Supreme Court signals plan to gut Voting Rights Act gerrymander protections
Source: vox.com
TL;DR
- The Supreme Court ordered reargument in Louisiana v. Callais on whether a lower court's application of Voting Rights Act precedents violates the Constitution.
- Louisiana drew a second Black-majority district to comply with Gingles after Milligan struck down Alabama's maps, but a district court ruled it an unconstitutional racial gerrymander.
- This signals the Republican majority may soon overrule Gingles and end VRA suits against racial gerrymanders that enable partisan ones.
The story at a glance
The Supreme Court issued an order in Louisiana v. Callais requiring briefs on whether a lower court order enforcing Voting Rights Act safeguards against racial gerrymandering violates the Fourteenth or Fifteenth Amendments. The case involves Louisiana's congressional map with two Black-majority districts out of six, drawn after litigation found the prior map diluted Black voting power. It's being reported now because the order, issued after March oral arguments, suggests the Court plans to narrow or eliminate key VRA protections like Gingles, following its 2023 Milligan ruling. This echoes the Court's pattern in cases like Shelby County v. Holder.
Key points
- In Allen v. Milligan (2023), the Court ruled 5-4 that Alabama's maps violated Section 2 of the VRA by packing Black voters into one district (14% of seats) despite their 27% share of the population, ordering a second Black-majority district; Roberts and Kavanaugh joined the liberals.
- Thornburg v. Gingles (1986) sets the test for VRA racial gerrymander claims, requiring proof of racially polarized voting where minorities are cohesively Democratic and diluted by majority-white packing or cracking.
- Louisiana's case mirrors Milligan: a lower court applied Gingles to require a second Black-majority district, but all six Republican justices questioned it at oral argument.
- A three-judge district court struck down Louisiana's remedial map (Senate Bill 8) as a racial gerrymander, citing its 250-mile snake-like shape scooping Black populations from multiple cities.
- The Court's order asks if enforcing Gingles under the VRA now breaches constitutional equal protection, hinting Roberts and Kavanaugh's Milligan votes were due to Alabama's legal errors.

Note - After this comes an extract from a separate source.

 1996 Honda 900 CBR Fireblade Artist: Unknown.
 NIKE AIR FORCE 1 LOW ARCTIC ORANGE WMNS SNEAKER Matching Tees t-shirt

- In Rucho v. Common Cause (2019), the Court barred federal courts from partisan gerrymander suits, leaving VRA racial claims as the main check on extreme maps.
Details and context
The article frames Callais as revealing the Court's intent to dismantle VRA gerrymander protections amid upcoming redistricting cycles. Louisiana created its second Black-majority district after Robinson v. Landry found VRA violations, but white voters challenged it as race-driven over traditional criteria like compactness.
Historically, the Court distinguishes partisan gerrymanders (untouchable federally post-Rucho) from racial ones (limited by VRA). Gingles indirectly curbs partisan maps if they racially dilute minorities in polarized states, but the Republican majority has narrowed this via Shelby County (2013), which gutted preclearance.
Kavanaugh's Milligan concurrence questioned indefinite race-based redistricting under the VRA, even if once valid. The order suggests a majority now sees Gingles as expired, like Jim Crow conditions.
Key quotes
- Chief Justice Roberts in Milligan: a lower court “faithfully applied our precedents.”
- Justice Kavanaugh in Milligan: “Even if Congress in 1982 could constitutionally authorize race-based redistricting under [the VRA] for some period of time, the authority to conduct race-based redistricting [cannot extend indefinitely into the future].”
Why it matters
Overturning Gingles would remove the last major federal check on gerrymanders, letting states draw extreme partisan maps without VRA racial challenges. This concretely means fewer minority opportunities to elect preferred candidates in polarized Southern states like Louisiana, tilting House seats toward Republicans. Watch for a ruling next term that could redefine Section 2 nationwide, though it remains uncertain if Roberts or Kavanaugh fully join the conservatives.